À Mardin, Zehra dispose de matériel pour peindre et ses œuvres peuvent se déployer sans cette facture de pénurie et de bricolage acharné qui sera la marque de ses dessins à partir de Diyarbakir. Elle représente la geôle, elle-même, et ces femmes dans leur nudité. Nudité qu’elles utiliseront comme un instrument de révolte en se présentant collectivement sans vêtements pour protester contre les fouilles à corps incessantes. Mais l’action de résistance collective la plus remarquable a pour départ la fermeture d’Özgur Gündem le 16 août 2016. Özgur Gündem était un journal en Turc principalement lu par les Kurdes, et le seul que ces femmes recevaient en prison. Après maints sanglots, lamentations et cris de révolte, elles décident, par solidarité envers les journalistes et en signe de protestation, d’éditer clandestinement leur Gündem à elles. Le journal sera entièrement manuscrit et leurs dessins y remplaceront les photos interdites. Sur les grandes feuilles de papier kraft dont Zehra dispose pour ses dessins, elles composent le journal, mêlant les nouvelles qu’elles reçoivent de l’extérieur aux nouvelles de la prison. Zehra leur donne des cours de dessin afin que chaque journaliste improvisée puisse illustrer son article. Les sujets abordés sont divers : « Espoir amour », « La pauvreté », « Le prix à payer pour un chant en Kurde est 19 ans de prison », « L’eau rouillée, danger dans les geôles », « Un bébé de cinq mois est mis en prison », etc. etc..

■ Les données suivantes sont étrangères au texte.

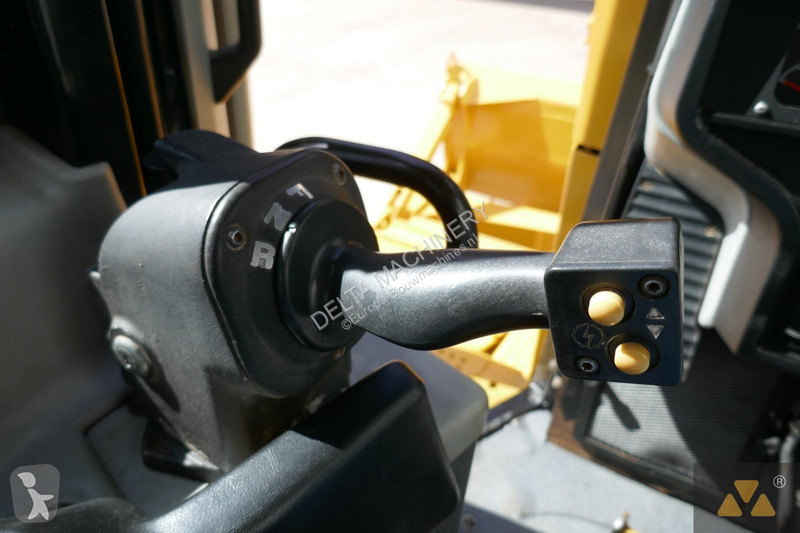 بلدوزر Caterpillar D6T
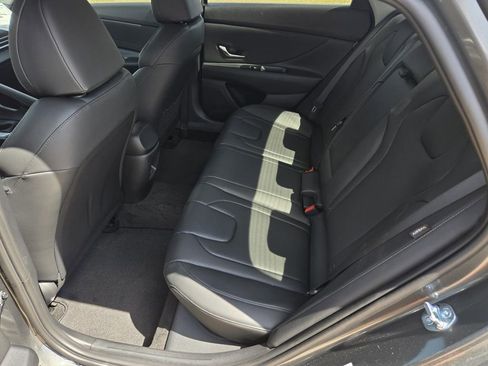 New 2026 Hyundai Elantra Limited FWD image 19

Evadé à la faveur d’une visite, ce chef-d’œuvre manuscrit se répand sur les réseaux sociaux et fait un tabac. Il sera élaboré en secret, évadé et diffusé deux fois. C’est une merveille graphique en même temps qu’une bouleversante manifestation de résistance et de courage indomptable. « Toutes nos amies ont l’esprit des « petits généraux d’Apê Musa » (enfants kurdes qui distribu(ai)ent les journaux interdits, censurés ou saisis par le gouvernement) en elles. On dit que « puisque le salut des humains ne vient pas de Dieu, il doit se trouver sur la terre ». C’est pour cela que nous cherchons à faire des prisons un espace de lutte. Je ne serai peut-être jamais libérée, nous sommes en Turquie après tout. Je ne m’attends pas vraiment à ce que ça finisse bien ».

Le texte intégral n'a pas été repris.